Propagande. Pour son malheur, Yarmouk, le plus grand camp palestinien de Syrie, occupe une position stratégique à 8 km de Damas. C'est pourquoi l'EI cherche à s'en emparer à tout prix, ce qui permettrait à sa propagande de dire qu'il est entré dans la capitale syrienne, puisque rien ne distingue la capitale de sa périphérie. Dès 2012, quand la rébellion s'était rapprochée de la ville, des combats y avaient éclaté, notamment entre l'Armée syrienne libre, appuyée par la formation palestinienne Liwa al-Assifa et le Front populaire de libération de la Palestine- Commandement général (FPLP-GC), contrôlé par le régime syrien et bénéficiant du soutien massif des forces loyalistes. D'où une situation dramatique pour la population, qui comptait encore quelque 20 000 personnes en 2014.

En 2013, Yarmouk fit même l’objet, outre des campagnes de bombardements intenses, d’un siège en règle et d’une politique de famine délibérée organisée par le régime de Bachar al-Assad. Cette stratégie d’attrition dura deux ans, pendant lesquels les habitants durent manger des herbes et provoqua, selon l’Observatoire syrien des droits de l’homme (OSDH), la mort de près de 200 personnes.

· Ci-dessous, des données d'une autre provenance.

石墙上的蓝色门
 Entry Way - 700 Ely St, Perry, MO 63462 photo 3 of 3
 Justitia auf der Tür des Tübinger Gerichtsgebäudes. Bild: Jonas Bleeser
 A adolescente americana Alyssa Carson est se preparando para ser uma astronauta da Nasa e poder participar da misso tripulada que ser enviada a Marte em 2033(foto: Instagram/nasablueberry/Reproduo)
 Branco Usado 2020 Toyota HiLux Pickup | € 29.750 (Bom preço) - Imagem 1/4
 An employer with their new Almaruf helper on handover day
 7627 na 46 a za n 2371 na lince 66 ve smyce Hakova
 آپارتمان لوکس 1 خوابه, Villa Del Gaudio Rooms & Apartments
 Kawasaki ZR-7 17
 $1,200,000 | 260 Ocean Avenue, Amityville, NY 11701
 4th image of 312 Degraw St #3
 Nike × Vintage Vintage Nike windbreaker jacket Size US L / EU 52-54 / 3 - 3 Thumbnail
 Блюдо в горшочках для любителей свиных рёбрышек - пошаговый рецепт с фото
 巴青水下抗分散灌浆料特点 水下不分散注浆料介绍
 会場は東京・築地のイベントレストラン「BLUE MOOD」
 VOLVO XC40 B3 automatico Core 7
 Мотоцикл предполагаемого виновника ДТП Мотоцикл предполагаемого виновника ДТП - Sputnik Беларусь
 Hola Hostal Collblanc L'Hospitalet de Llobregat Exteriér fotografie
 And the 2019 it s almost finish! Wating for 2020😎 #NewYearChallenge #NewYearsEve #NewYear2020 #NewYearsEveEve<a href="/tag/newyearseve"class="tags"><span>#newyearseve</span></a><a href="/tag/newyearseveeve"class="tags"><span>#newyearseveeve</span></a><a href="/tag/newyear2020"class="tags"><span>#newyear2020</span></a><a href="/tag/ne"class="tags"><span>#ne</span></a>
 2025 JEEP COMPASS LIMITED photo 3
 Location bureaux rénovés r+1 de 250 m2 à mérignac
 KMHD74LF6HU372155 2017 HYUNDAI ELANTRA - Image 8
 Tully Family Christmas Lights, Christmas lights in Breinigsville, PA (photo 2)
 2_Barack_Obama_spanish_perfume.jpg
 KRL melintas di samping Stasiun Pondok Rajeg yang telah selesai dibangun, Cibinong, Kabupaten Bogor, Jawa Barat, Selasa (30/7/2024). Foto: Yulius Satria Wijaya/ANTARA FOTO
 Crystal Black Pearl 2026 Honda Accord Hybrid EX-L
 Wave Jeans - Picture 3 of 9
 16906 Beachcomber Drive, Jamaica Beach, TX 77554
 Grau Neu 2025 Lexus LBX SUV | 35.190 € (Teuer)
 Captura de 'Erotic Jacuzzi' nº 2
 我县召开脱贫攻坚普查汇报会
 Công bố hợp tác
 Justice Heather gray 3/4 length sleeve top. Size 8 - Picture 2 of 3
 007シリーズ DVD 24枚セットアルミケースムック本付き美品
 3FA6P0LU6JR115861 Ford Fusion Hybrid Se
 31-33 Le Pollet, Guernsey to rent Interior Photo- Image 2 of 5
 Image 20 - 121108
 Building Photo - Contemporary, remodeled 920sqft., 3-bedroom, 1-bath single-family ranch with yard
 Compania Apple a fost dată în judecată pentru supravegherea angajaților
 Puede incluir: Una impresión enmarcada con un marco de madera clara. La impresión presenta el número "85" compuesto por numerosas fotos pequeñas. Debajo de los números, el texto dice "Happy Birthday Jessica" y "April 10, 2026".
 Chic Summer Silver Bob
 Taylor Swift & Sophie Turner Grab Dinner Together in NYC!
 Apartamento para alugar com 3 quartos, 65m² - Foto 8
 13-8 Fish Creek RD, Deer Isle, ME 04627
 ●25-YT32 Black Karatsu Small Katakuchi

Mais le pire était encore à venir avec l’arrivée, il y a quelques jours, de l’EI, aidé par le Front al-Nusra, la branche syrienne d’Al-Qaeda. Ces deux organisations théoriquement ennemies s’entendent apparemment quand il s’agit de massacrer des Palestiniens. Après plusieurs jours d’affrontements contre des combattants palestiniens, qui ont fait une trentaine de morts, elles contrôlent désormais une grande partie de Yarmouk. Dans le même temps, l’armée syrienne a encore renforcé son siège et mène des raids aériens réguliers sur le camp, dans lequel elle n’est jusqu’ici pas entrée.

«Cruauté».L'AFP a publié des témoignages accablants d'habitants ayant réussi à s'enfuir. «J'ai vu des têtes coupées. Ils tuaient les enfants avant les adultes. Nous étions effrayés. Nous avions entendu parler de leur cruauté à la télévision mais quand nous les avons vus, je peux vous assurer que leur réputation n'est pas usurpée», a relaté Ibrahim Abdel Fatah, un père de sept enfants, réfugié dans une école de Tadamoun, un quartier tenu par l'armée syrienne. Amjad Yaacoub, un adolescent de 16 ans, raconte avoir vu, rue de Palestine, deux jihadistes «jouer avec une tête coupée comme si c'était un ballon». Lui a été laissé pour mort, après s'être évanoui sous les coups des jihadistes qui, selon lui, étaient venus au domicile familial tuer son frère, un militant palestinien.

Mardi, le Conseil de sécurité a réclamé un accès des agences humanitaires aux milliers de Palestiniens bloqués dans le camp. Les 15 pays membres se sont déclarés prêts «à envisager les mesures supplémentaires qui pourraient être prises afin de fournir la protection et l'assistance nécessaires» aux habitants de Yarmouk, a précisé la présidente du Conseil, l'ambassadrice jordanienne Dina Kawar, sans donner de précisions.